Introduction

Droughts are often blamed on human activity, but Earth’s history shows they’re part of natural cycles. By studying proxies—ancient clues like tree rings, lake mud, or air trapped in ice—we can understand these patterns. Proxies are physical evidence, like tree rings showing dry years or mud layers revealing low lake levels. This page explores how Actualism in Earth Science helps us explain droughts using real, observable processes. We’ll look at historical droughts in North America, including California, and Australia, showing how they cycle in and out over time. This challenges the idea that CO2 is the main cause of droughts and highlights the importance of looking at the past to understand the present.

Plato thinking.

What is Actualism?

Actualism in Earth Science is the idea that we can explain Earth’s history by looking at processes we see happening today. For example, if ocean currents cause droughts now, they likely did the same in the past. This approach relies on hard evidence, like tree rings or lake mud, rather than unproven theories. When studying droughts, Actualism means we look at natural cycles—like changes in ocean currents such as El Niño (warmer Pacific waters causing heavy rain) or La Niña (cooler waters often linked to droughts)—to understand why they happen. It helps us avoid jumping to conclusions, like assuming CO2 causes every drought, when history shows these events are part of Earth’s normal climate patterns.

North American Droughts Through History

North America has faced severe droughts for centuries, often called megadroughts when they last decades or longer. From 900 to 1300 AD, during the Medieval Warm Period, the Southwest U.S. and northern Mexico saw dry conditions spanning centuries, with the worst around 1140–1159. Tree rings from the Colorado River basin show 17 long periods of low water flow, far worse than modern times, though wetter years broke up the dryness. Lake mud from places like Mono Lake in California reveals low water levels, where trees grew in exposed lakebeds, only to be flooded later when rains returned. These droughts, lasting up to 20–30 years at their worst, disrupted Native American societies, like the Ancestral Puebloans, who had to abandon settlements.

A later megadrought in the late 1500s lasted about 40 years, affecting early European settlers. Tree rings show 1587–1589 was the driest three-year period in 800 years, likely contributing to the disappearance of the Roanoke Colony in North Carolina.
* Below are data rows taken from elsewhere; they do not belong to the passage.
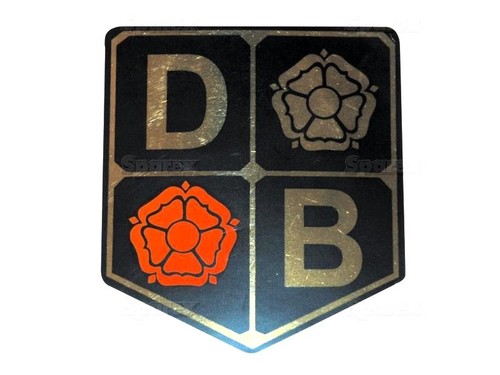 David brown roses decal - david,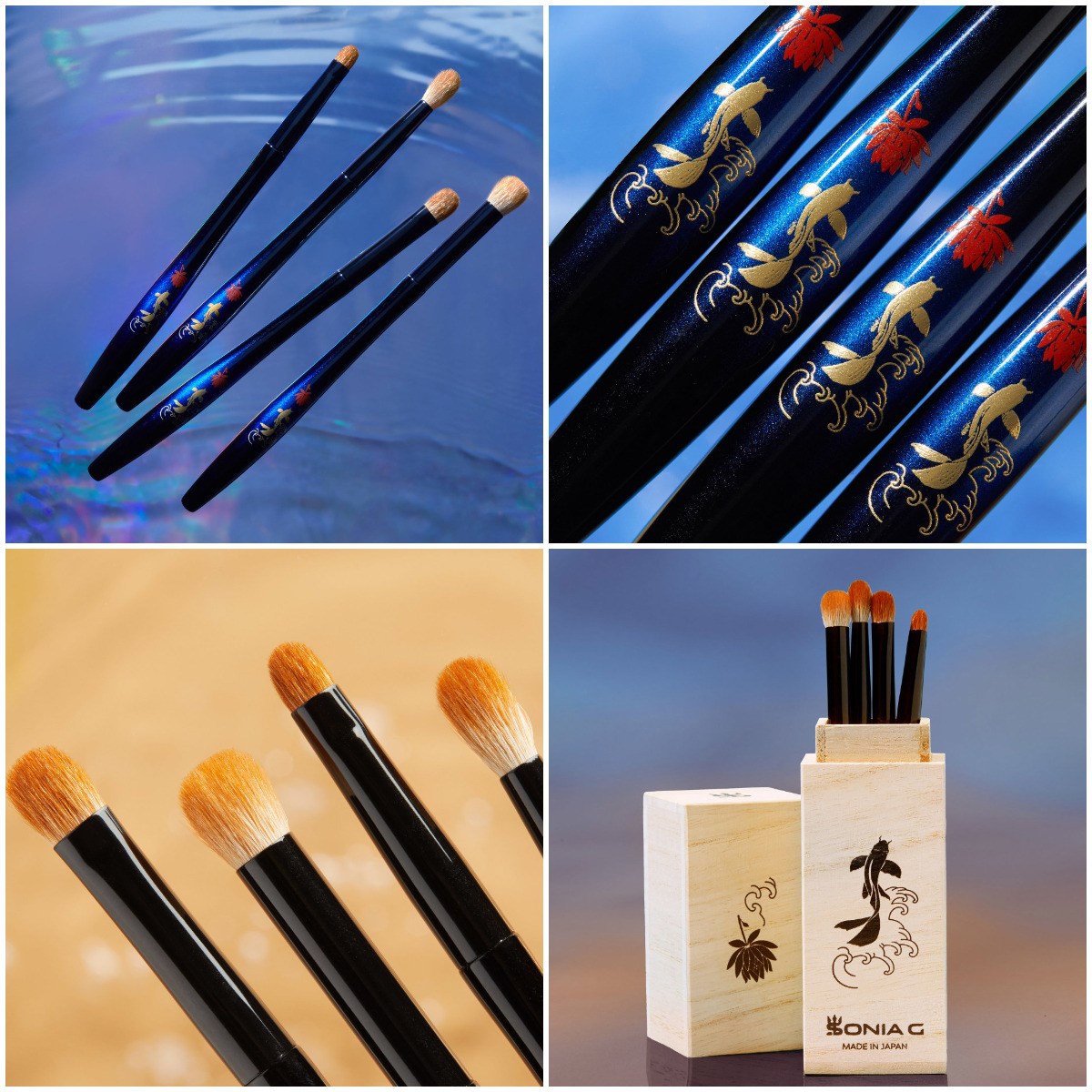 Sonia G. Maki-e Series: Summer Koi 2024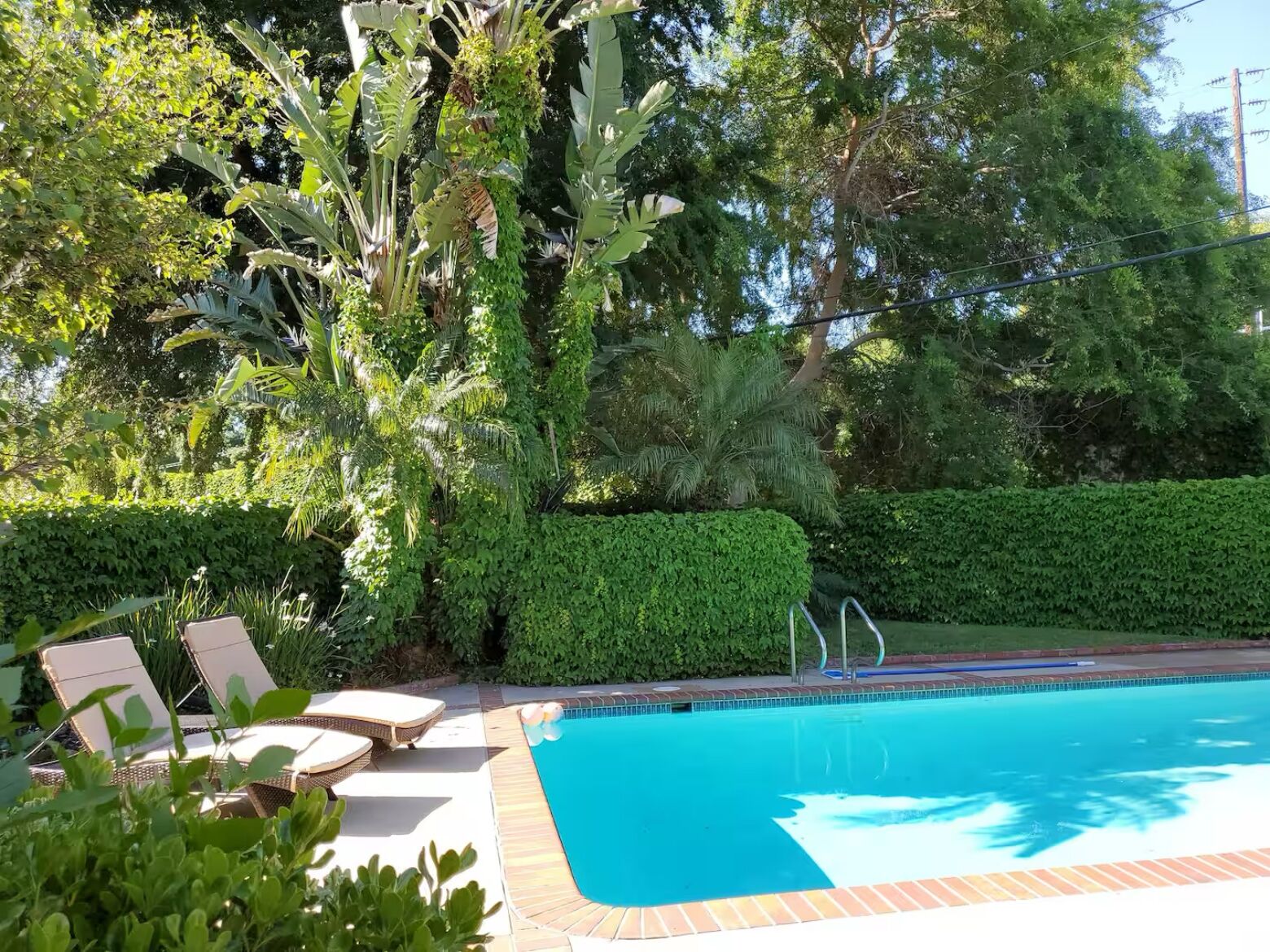 Udendørs pool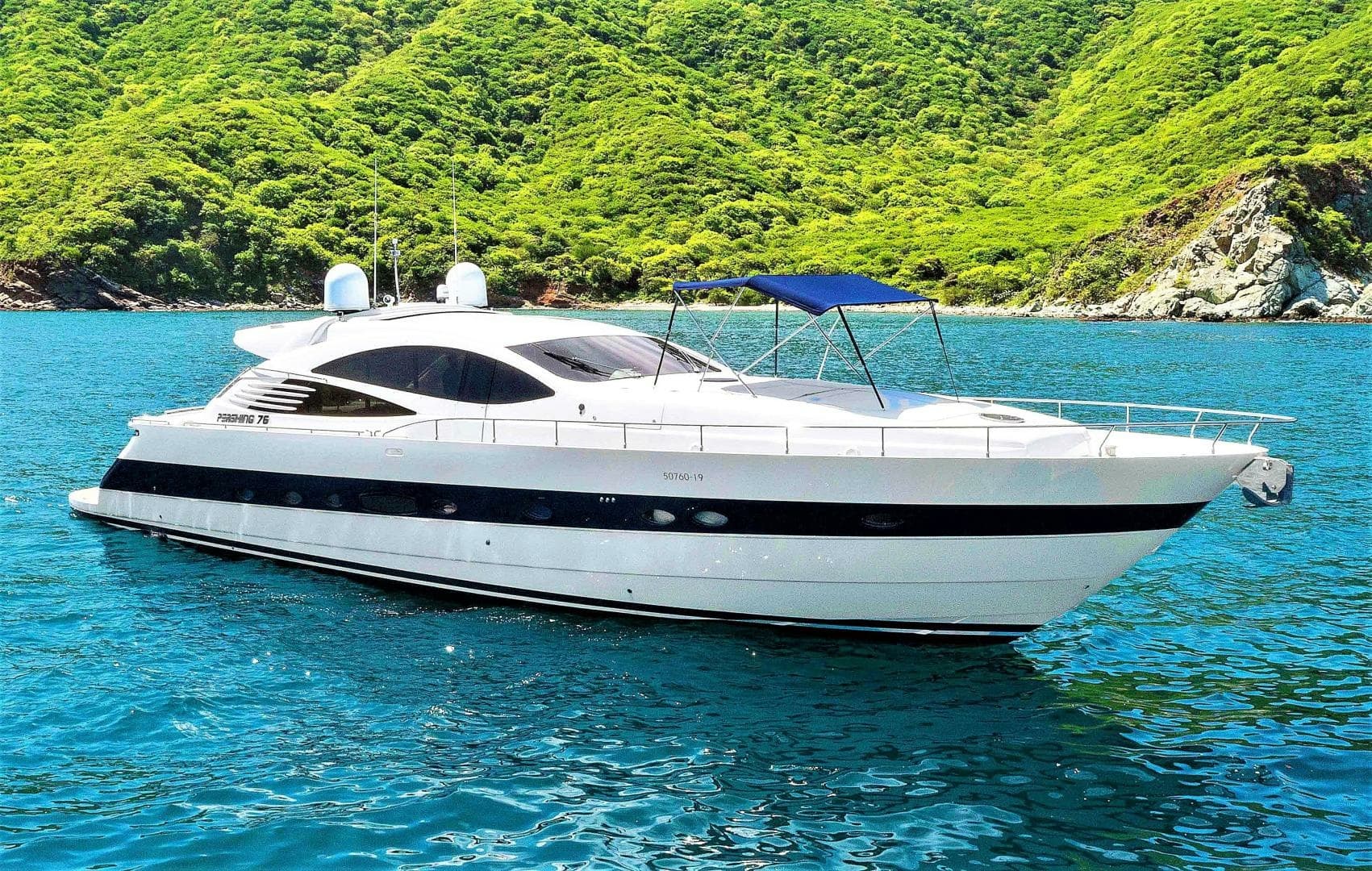 Denise — 2005 · 77' · 4 Cabins · Pre-Owned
Established in 1585, the colony vanished by 1590, possibly due to food shortages during this drought, which also forced Spanish settlers in South Carolina to abandon their colony in 1587. The Little Ice Age that followed (1300–1850) had its own droughts, but wasn’t dry continuously—wetter periods, like the early 1700s, broke up the dryness, much like the Medieval Warm Period’s cycles. In modern times, the U.S. saw major droughts, like the 1930s Dust Bowl, which lasted nearly a decade and turned farmland to dust across the Great Plains. California’s 2012–2016 drought was severe, with the lowest snowpack in 500 years and 102 million trees dying. Many worried it was a permanent change, but record rainfall in 2016–2017 ended it, and by 2025, reservoirs are at 118% of normal, showing how droughts cycle in and out.

Australia’s Natural Drought Cycles

Australia’s climate is naturally dry, with frequent droughts often tied to ocean currents like El Niño. From 1997 to 2009, the “Millennium Drought” caused water shortages and wildfires, raising fears of a new, permanent dry state. But by 2022, wetter La Niña conditions returned, and no part of Australia was in drought. This mirrors historical patterns—droughts come and go, driven by natural cycles, not a single cause like CO2. Australia’s story shows how these events are part of the climate’s normal rhythm, much like in North America.

Misconceptions About Drought Causes

Many assume CO2 is the main cause of modern droughts, but history shows otherwise. Southwest U.S. droughts today are often blamed on CO2, yet tree rings reveal similar events centuries ago, long before industrial activity. Computer models can help when based on proxy data—like tree rings showing past drought patterns—but they often make unproven predictions, like permanent droughts, that don’t match reality. California’s drought ended despite such claims, as did Australia’s. Funding can push research to focus on CO2, but Actualism reminds us to look at observable cycles, like ocean currents, which have driven droughts for millennia. Ignoring these patterns overlooks the full picture.

Conclusion

Actualism teaches us to explain droughts using processes we can observe, like ocean currents and sunlight changes. North America’s medieval megadroughts, the 1580s drought that may have doomed the Roanoke Colony, California’s recent drought ending in 2017, and Australia’s recovery by 2022 show these events cycle naturally. Climate has changed for 4.5 billion years, with droughts as a normal part. Blaming CO2 alone ignores history and relies on unproven ideas. Instead, we should study past patterns to understand today’s climate, focusing on facts over speculation.